I'd like to say that coming home to California for a month did exactly what I needed it to do: allow me time and space to re-charge my dwindling energy supply and to sit back and reflect on the directions and improvements I need to take when I return to university. I'm now a little more than three days away from my departure back to Taiwan, and there are some things I'd like to bring to light, that I've been doing or thinking about all of winter break. I think this post might be embarrassingly long.
I had these long, long, and I mean long discussions with my mother (sometimes over tea or coffee and a nice slice of homemade cream tart) while my father was at work and my brother at school. I talked to my mother the most over the course of this month, because she was the one who took me grocery shopping, clothes shopping, and the one who taught me the basics of cooking, things I know I'll put to good use when I return to Taiwan.
My mother is in a sense, a conservative mother. She allows me the freedom to make my own choices and to go my own ways: in school, with friends, and she trusts me with my own time. Whether I'm worthy or not of this trust is another issue that I need to discuss with myself. She loves to lecture me (and I mean this in a positive tone) on the values of family, marriage standards, and the consequences of the choices you make. I love to listen to her. It works out both ways.
A topic that came up early in my visit started with a question. My mother asked me if I had noted any differences between NTU students and myself. Culturally, academically (only too obvious), spiritually—everything. I started a huge rant about how I felt Taiwanese children were immature for college students, and always few years behind American children—not in academics, but in mentality—partly influenced by their upbringing, education, and the way Asian culture raises their children. I wasn't trying to berate anyone. I was merely expressing a sort of frustration—frustration that I felt I couldn't connect with some of my Taiwanese classmates on the same wavelength, that their thought processes were slightly more shallow and less well-rounded than that of some of my American classmates. A worldly view, if you please.

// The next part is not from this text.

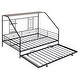 preview thumbnail 44 of 78, Metal House Bed with Trundle, Twin/Full Size Daybed Playhouse Bed with Bulit-in Storage Shelves and Metal Grid for Kids Teens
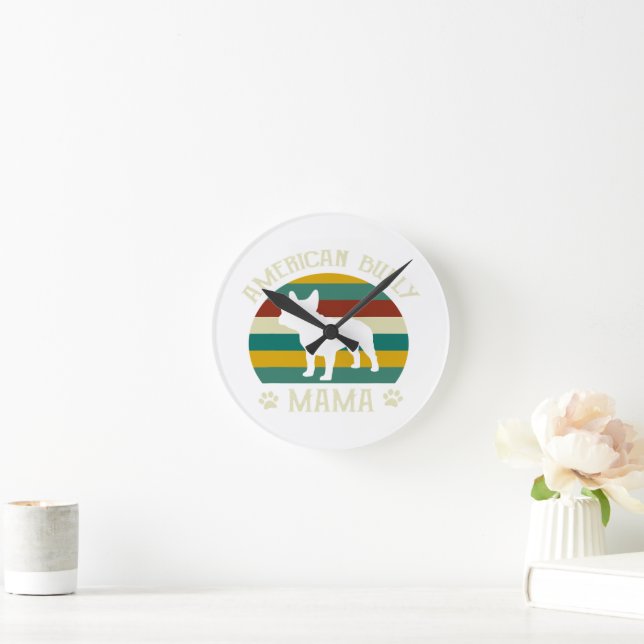 Bully American Mama Bulldog Mom Runde Wanduhr (Zuhause)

Then my mother asked me, but, do you ever see any of your classmates doing drugs, or going out late to drinking and clubbing and not coming home until 4 a.m. in the morning? I had to admit that the answer was no. Then, she pointed out, isn't that a problem that Taiwanese students, particularly NTU students, have succeeded in avoiding? It's such a problem in American universities that drugs and alcohol are becoming a norm in every college community. But for NTU students, who compose the top one percent of every region in the country, it's not a problem, because it's not the norm, and never will be, with NTU's high academic standards.
She continued to ask me if I felt especially lucky. She pointed out that if I had not been brought up here and made the decision to go to Taiwan for university, I may have never realized how fortunate I was to have been raised in the United States. I may have never realized that the opportunities available to me here are so much better than the ones my classmates have ever been able to reach. I'm sure, she continued, that all of your friends, the ones you deem "immature" or "shallow," would have loved to have been raised in the same place that you were—here. I'm sure their parents would have wanted all the opportunities you had for them, as well. But being raised in the United States, particularly Silicon Valley, a blossoming high-tech community, is a very expensive affair. Not everyone has what you enjoy.
My mother made me realize that night that given the limitations of their upbringing and the way their education system works, my Taiwanese counterparts probably have done their best to get where they want to be. My rather harsh criticism (which I have never disclosed to anyone apart from my family) of them is out of place because it's not the criterion they were raised to value.